Portugal "irá sobrevivendo"? Claro, não tem alternativa...
Público, 20091127 José Manuel
O défice, a dívida, o desemprego, os juízes, os poderosos desesperam-nos. Vá lá sabermos que os "devoristas" não são eternos
Com aquela candura própria de quem está a dizer o óbvio, o governador do Banco de Portugal anunciou o inevitável: não se registando uma forte descida das despesas públicas, os impostos vão subir até 2013. Ora, como ninguém está a ver quem, na actual conjuntura política, económica e social, vai cortar despesas, ou se aumentam mesmo os impostos ou se deixa crescer ainda mais o défice e a dívida. Para o país é como escolher entre ficar na frigideira ou saltar para o lume, mas surge como uma fatalidade face ao que sabemos sobre o estado da nossa economia.
E que sabemos nós? Primeiro, que quando sairmos da crise vamos crescer de forma anémica, o que significa que nem as receitas dos impostos aumentarão depressa, nem diminuirá o número de desempregados, nem haverá mais riqueza para redistribuir. Nenhum organismo internacional (FMI, OCDE, Comissão Europeia...) prevê um cenário diferente deste, e por isso todos dizem que o défice público, que este ano se situará nos oito por cento (fora o que está oculto), não descerá nos próximos anos.
Depois, que temos uma dívida pública galopante - mais 25 pontos percentuais em três anos - e uma dívida externa asfixiante.
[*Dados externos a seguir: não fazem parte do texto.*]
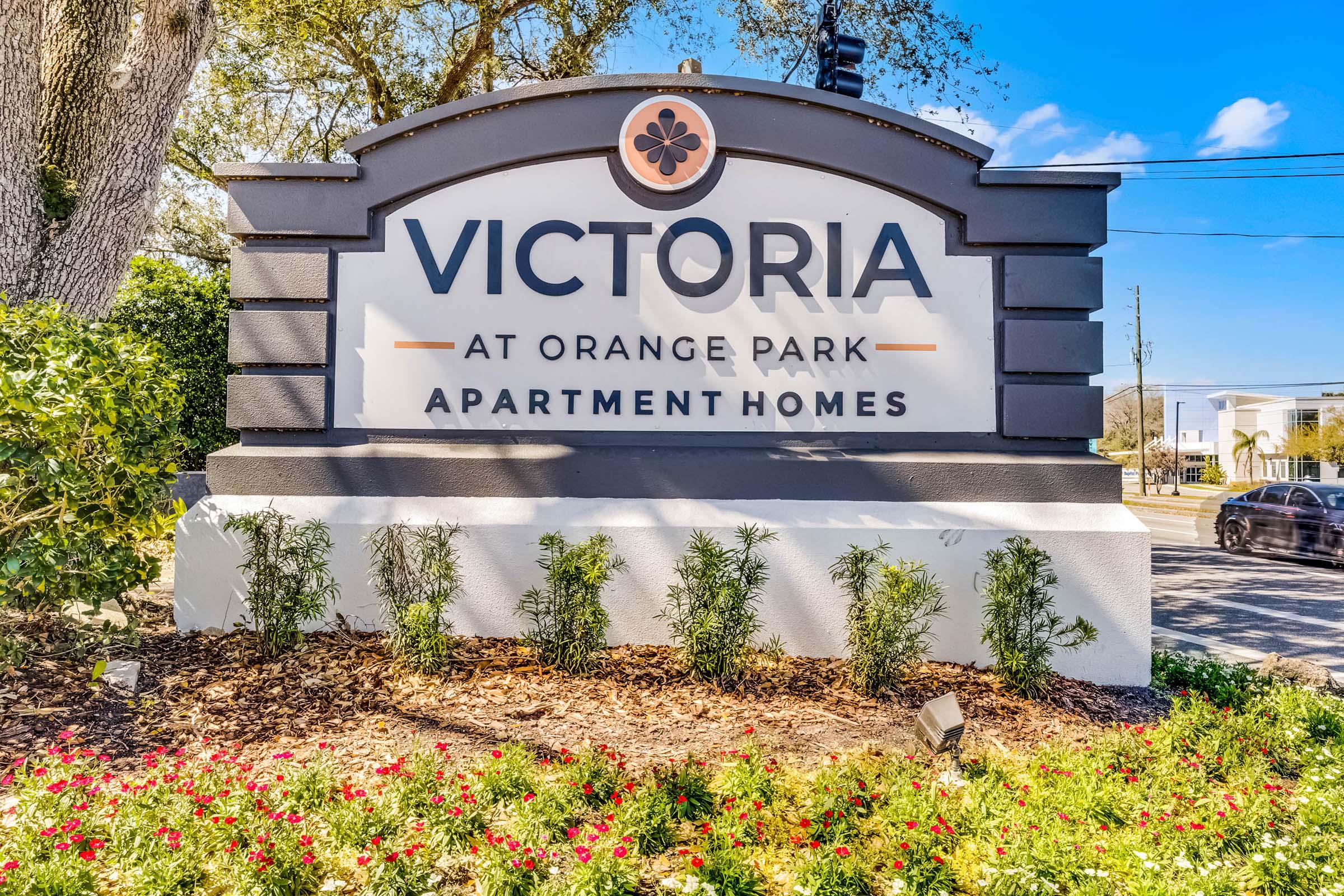 Sign for Victoria at Orange Park Apartment Homes, featuring the name "Victoria" prominently displayed with decorative elements. Surrounding the sign are well-maintained flower beds and greenery under a clear blue sky.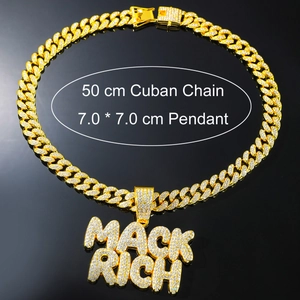Detail view of iced-out MACK RICH hip hop pendant with 50cm golden cuban chain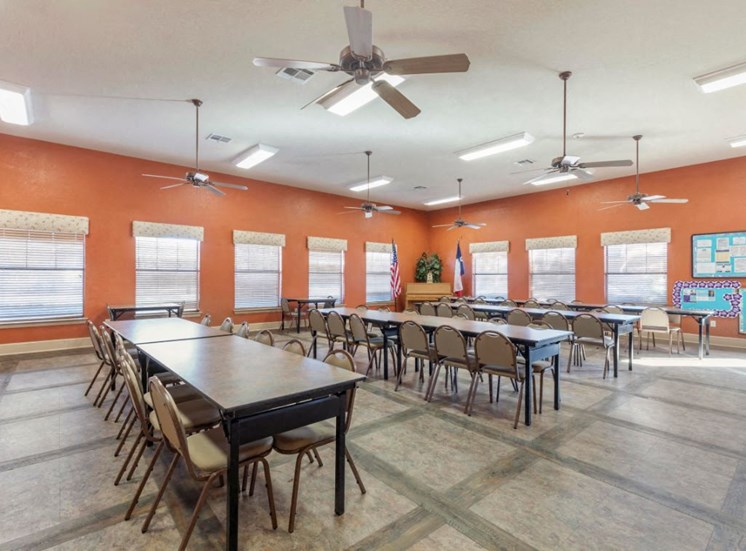 Clubhouse meeting room with tables, chairs, and orange walls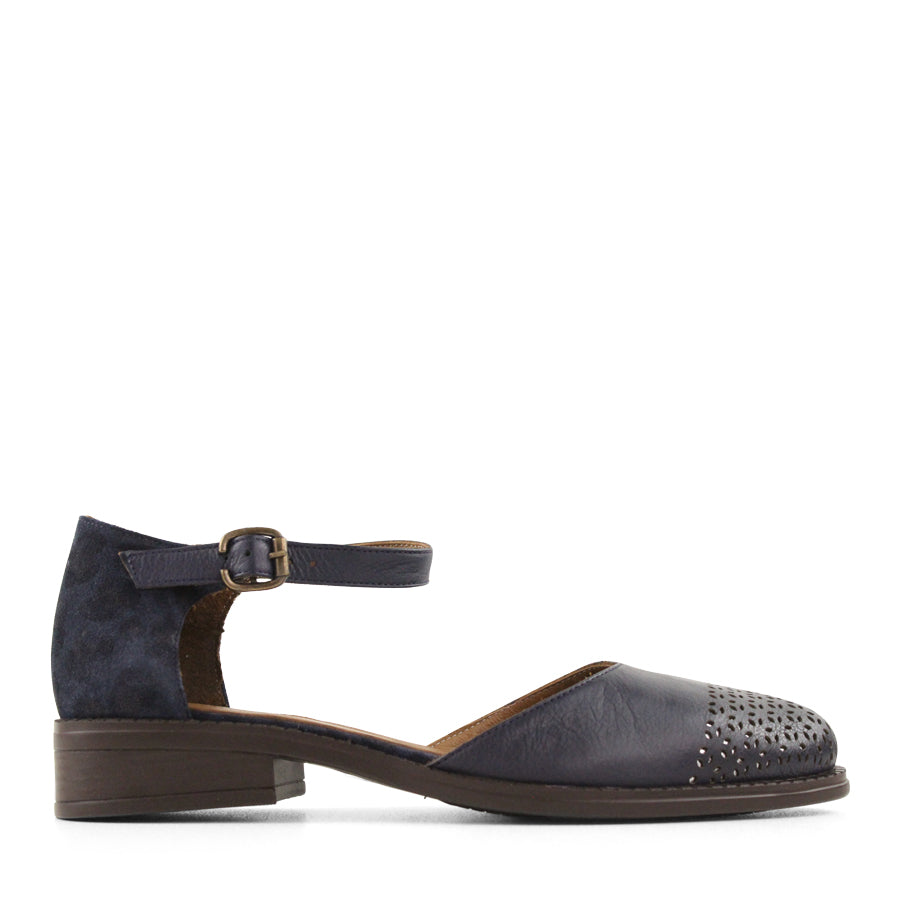 SIDE VIEW NAVY MARY JANE STYLE FLAT WITH LEOPARD PRINT AND CUTOUT DETAILING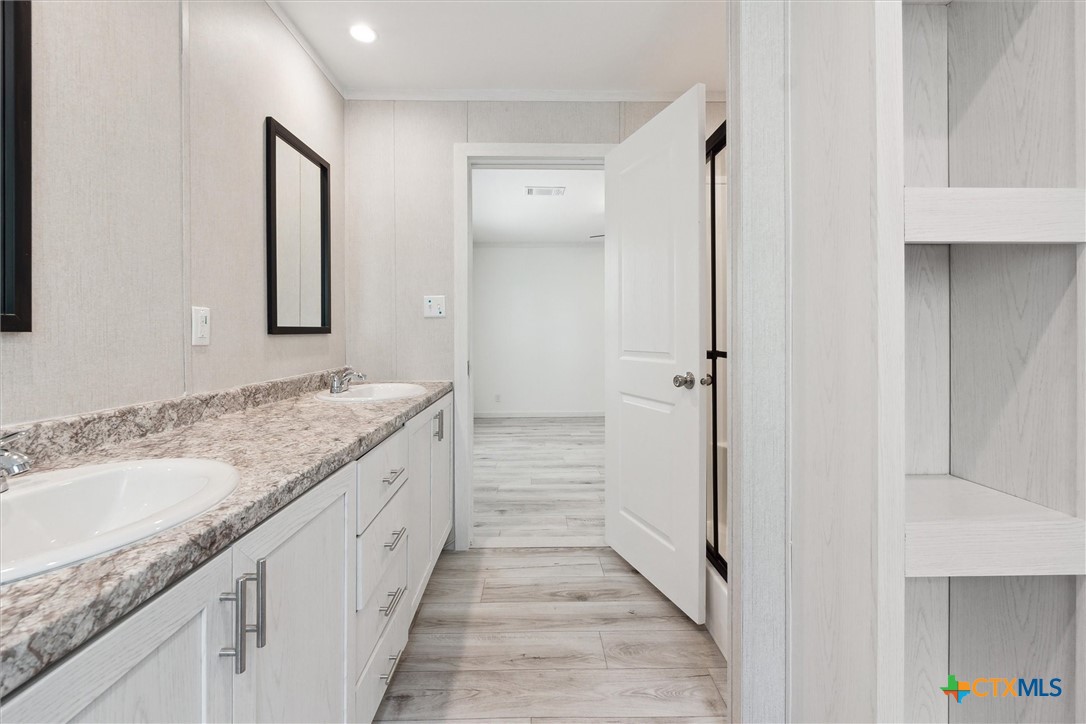 855 Roosevelt Road Luling, TX 78648 - Photo 23 of 47 a bathroom with a granite countertop sink and a mirror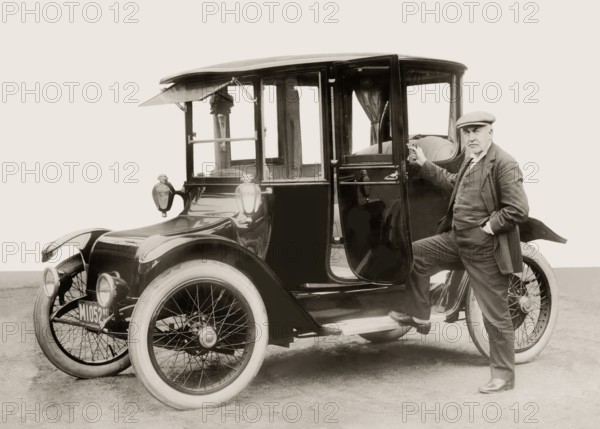 Thomas Alva Edison, 1847, 1931, American inventor, with Detroit Electric automobile, 1913,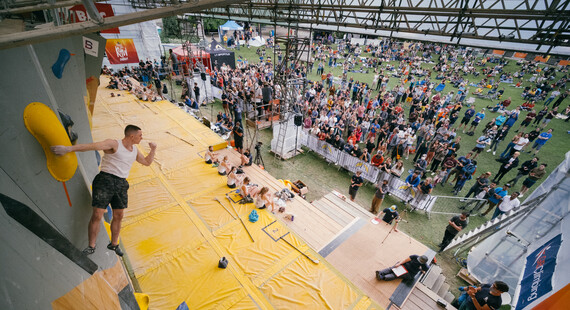 Image from the previous Cliffhanger event at Devonshire Green, with a climber on the wall while audience watches him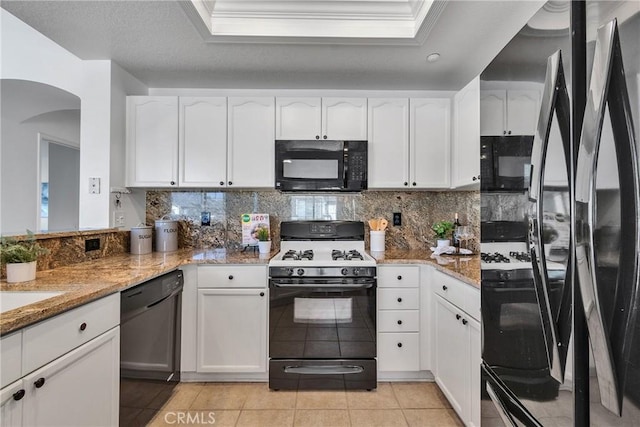 3434 E Lambeth Ct Unit F, Orange, CA 92869 - kitchen featuring black appliances, arched walkways, light stone counters, white cabinets, and crown molding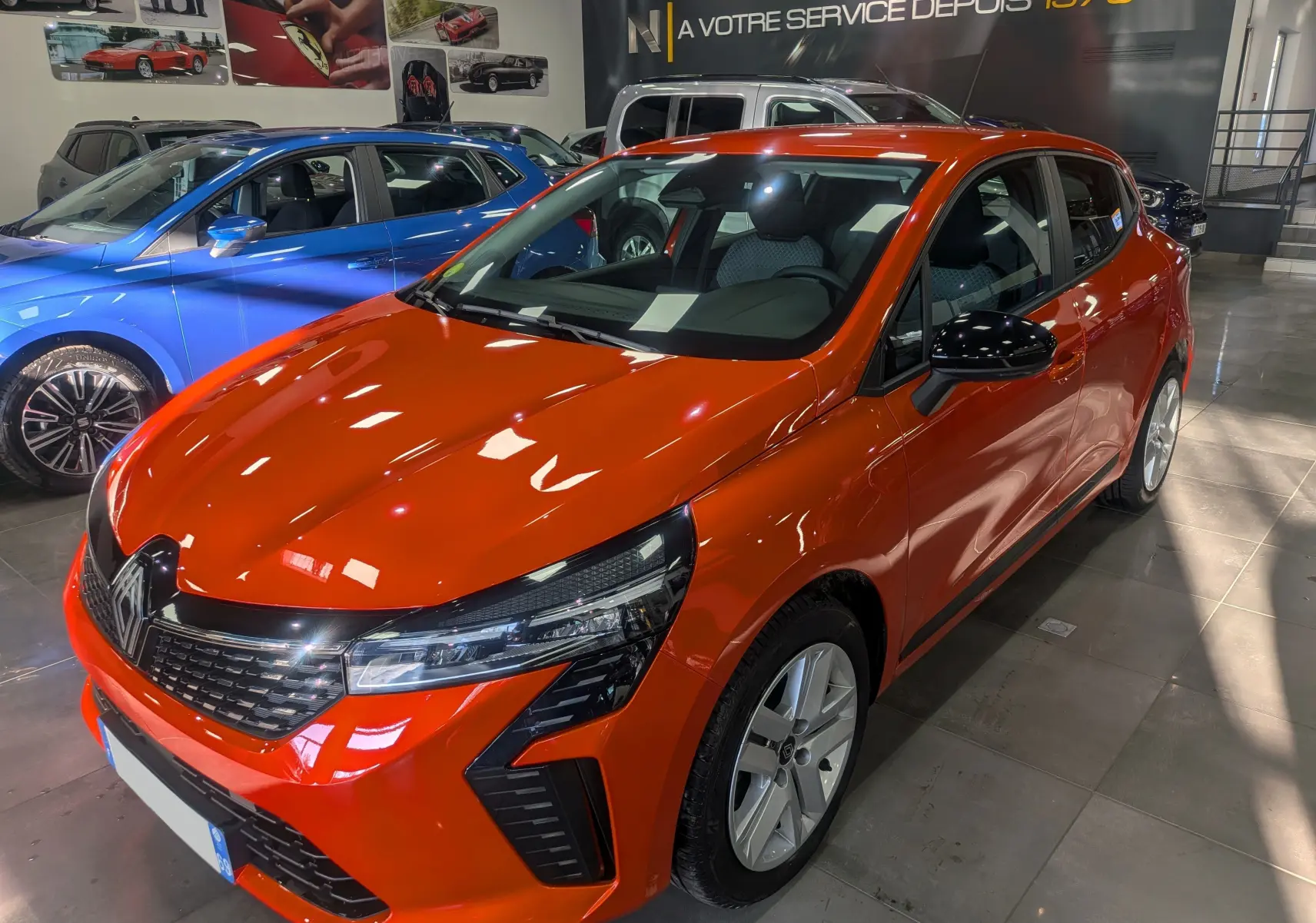 Renault Clio V Orange Valencia vue 3/4 avant droit en showroom, avec calandre noire et phares LED distinctifs.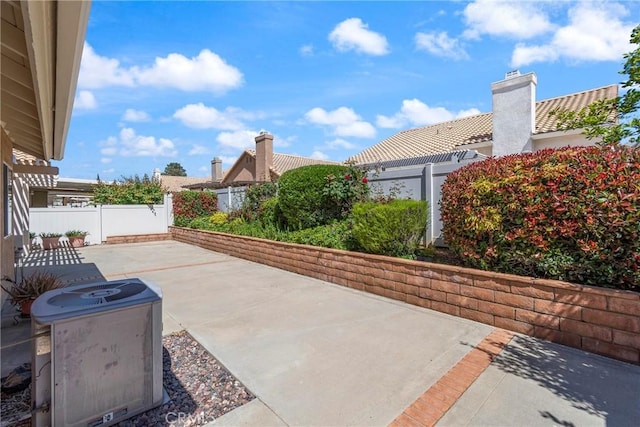 4839 W Forest Oaks Ave, Banning, CA 92220 - view of patio / terrace featuring central air condition unit and a fenced backyard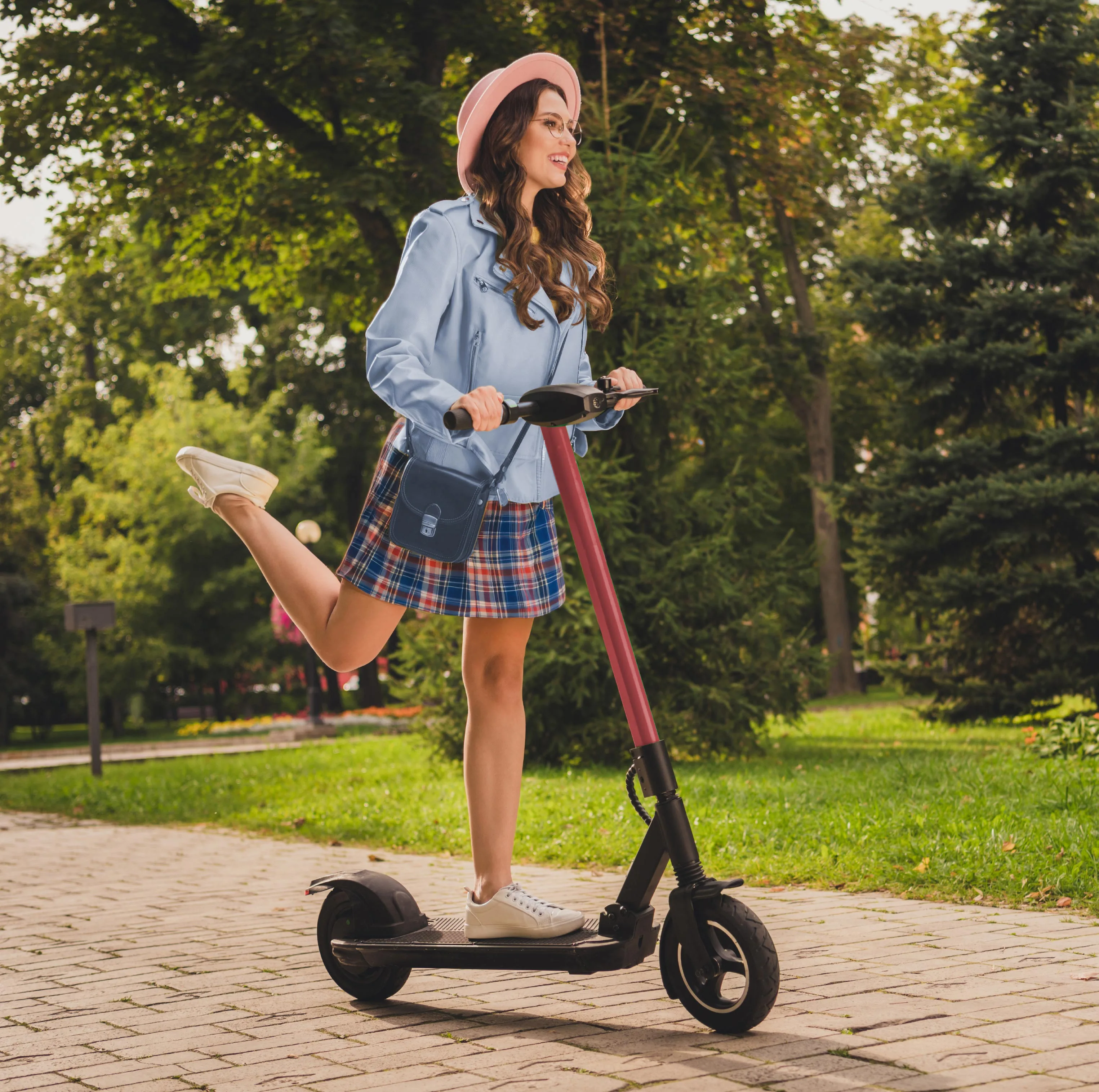 Child on a scooter in a neighbourhood setting used in Bolton Place marketing photography.
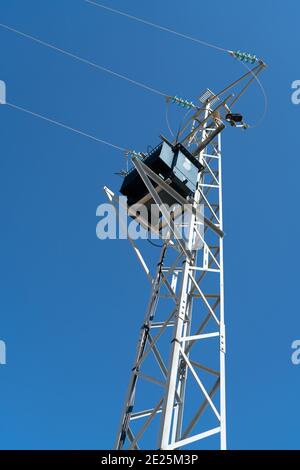 Power pole for electricity transmission and distribution in front of blue sky Stock Photo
Ninguém parece muito preocupado com isso, e a receita das "obras públicas", que uma "esquerda" cega aplaude em coro com os empresários do sector, só vai agravar a situação, ao mesmo tempo que seca o crédito bancário de que necessita o tecido produtivo que cria realmente empregos.
Por fim, o sistema político e partidário está a esfarelar-se, sobretudo no que respeita às duas forças que têm governado o país: o maior partido da oposição, o PSD, está esfrangalhado, e o do Governo vive entre a apatia e o susto, conforme tropeça nos "casos" que atingem Sócrates. Em redor tudo o resto merece cada vez menos respeito, sobretudo o sistema de Justiça, que à conhecida lentidão e ineficácia acrescentou agora a suspeita de falta de independência e culto da opacidade.
Não há novidades neste retrato cru. Muitos o têm feito, poucos o conseguiram discutir. O que se compreende, pois passamos o tempo a discutir as árvores sem nunca termos ideia da floresta. Isto é, passamos a vida nos detalhes, a iludir o essencial.
Basta notar como, por exemplo, de repente o principal problema do sistema judicial passou a ser segredo de Justiça. Quando importava saber se existiu e existe cumplicidade política entre um banqueiro e o primeiro-ministro, com reflexos tanto na distinção entre empresários amigos e não-amigos como no condicionamento da liberdade de informação, gastam-se dias a saber o que fez ou não fez um desconhecido juiz de Aveiro. Da mesma que se apreciaria que o PSD nos explicasse como governaria diferente, 90 por cento do tempo de antena que tem é consumido com as intrigas e as especulações sobre quem dominará essa entidade obscura e mítica que é o "aparelho do partido".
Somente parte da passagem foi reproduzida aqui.